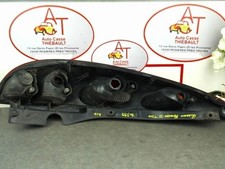 Feu arrière Nissan ALMERA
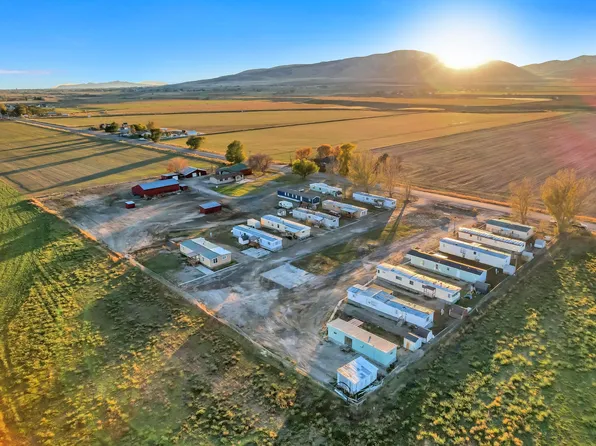 Jenamac M&J Trailer Home Community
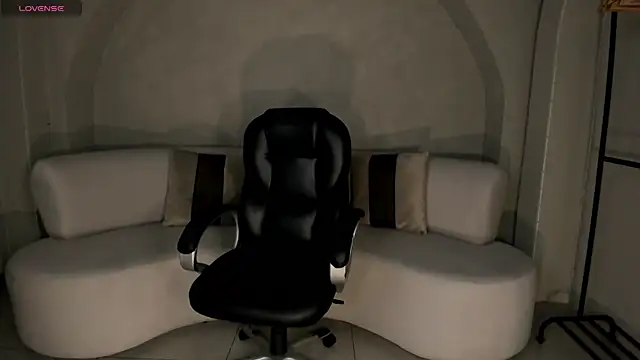 Snapshot of LizzHamilton__ chatting on November 10, 2025, 9:09 pm LizzHamilton online show from November 10, 2025, 9:09 pm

● Action item
Please give again only those lines that run from the one containing "Jenamac M&J Trailer Home Community" through the final line of the listing, both included, exactly as written and without pictures.

● Solution for this problem
 Jenamac M&J Trailer Home Community
 Snapshot of LizzHamilton__ chatting on November 10, 2025, 9:09 pm LizzHamilton online show from November 10, 2025, 9:09 pm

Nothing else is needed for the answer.